What is required: An exact transcription of all the entries is needed; pictures stay out.
(Exercise inputs begins)
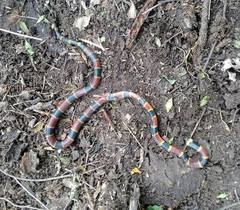 Micrurus tener fitzingeri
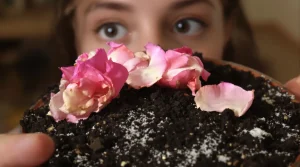 Faut-il laisser les fleurs fanées sur le terreau ? La réponse claire à vos questions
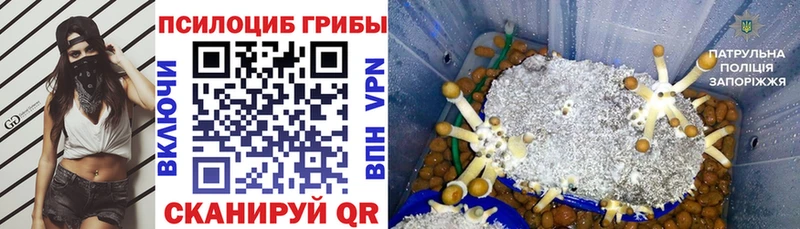 Галлюциногенные грибы MAGIC MUSHROOMS  Вязники 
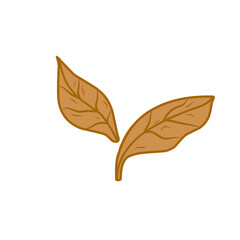 tobacco leaf vector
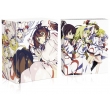 Is<infinite Stratos>complete Dvd Box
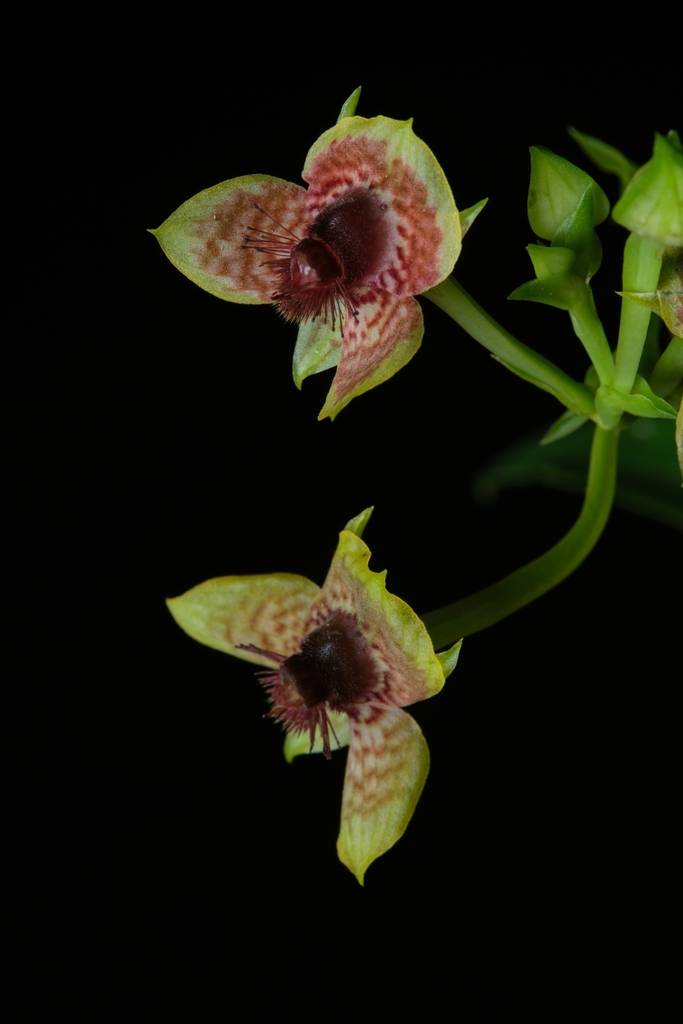 Telipogon phalaenopsis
(Exercise inputs ends)
Answer box:
 Micrurus tener fitzingeri
 Faut-il laisser les fleurs fanées sur le terreau ? La réponse claire à vos questions
 Галлюциногенные грибы MAGIC MUSHROOMS  Вязники 
 tobacco leaf vector
 Is<infinite Stratos>complete Dvd Box
 Telipogon phalaenopsis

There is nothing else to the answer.